Somehow I’d magically made some other friends there (two swedish girls, a belgian girl, and a few others) who were there for me during that awful time. But the fact that the one person I thought I could count on just left me like that… it was so hard. 

Later on, I was told that the girl had told someone that she’d basically just found me too depressing to be around. At the time, I was pissed. Disappointed. Really? You’re only my friend when I’m happy, but not when I’m sad? What kind of shitty person are you? I guess I never meant as much to you as you did to me. I guess we weren’t that close after all. 

Years later, I realize that it’s not that simple. She was in Japan, struggling with her studies as well, and just wanted to get the best out of her stay there. I was bringing her down, big time. It’s hard for someone to handle, especially considering the fact that she met me when I was hypomanic!

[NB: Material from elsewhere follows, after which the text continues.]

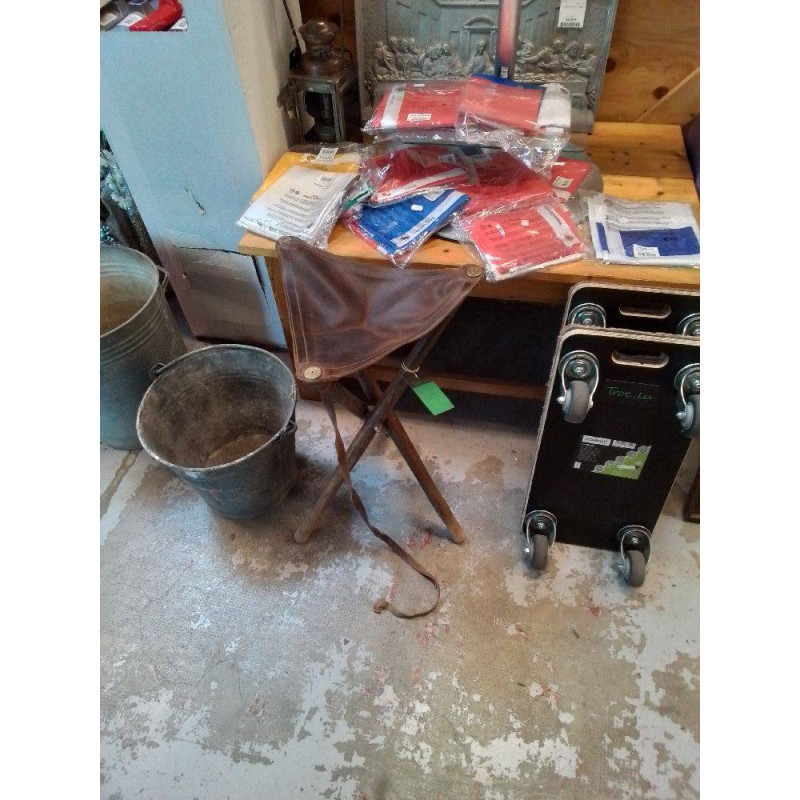 SIEGE PLIABLE ASSISE CUIR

She probably felt hopeless and scared that I might take her down with me. So, she did the only thing she could think of: leave me behind. And we never spoke again. 

People are not always as resilient and strong as we think they are. Sometimes we expect way to much of people – I’m definitely guilty of that. Even some of my closest friends have had to distance themselves from me during depressions, which caused us to lose touch for long periods of time. Yes, I blamed them, to a certain extent. But I mainly blamed myself. After all, I was the reason they abandoned me. was the problem. Of course they wouldn’t want to be friends with me. I don’t deserve friends. 

And so on. 

What I’m trying to work on these days is lowering my expectations, both of others, but also of myself. I try my best to be a good friend to everyone, but I also have my limits, as do everyone. It’s so important to recognize when it becomes too much, then take a step back, but in the most respectful way possible. I strongly believe that a one-sided friendship isn’t healthy; there has to be room for both. And if, for a time, that’s not possible, then perhaps it’s time to find someone else to lean on for a little while. It can be another friend, a partner, a doctor, a family member. Giving your friend a breather can sometimes be a way of preserving a healthy relationship. It’s not easy, and, as my motto goes, communication is key! Talk to them about. Ask them how they’re feeling, and ask them if everything is becoming a bit too overwhelming for them. 

I’ve cried a lot of tears when people have just stood up and walked away from me. I’ve  ben sad and confused and been through a lot of hurting. It still happens, but rarely; and when it does, I’m much better at handling it than I was 6 years ago. Better late than never, right?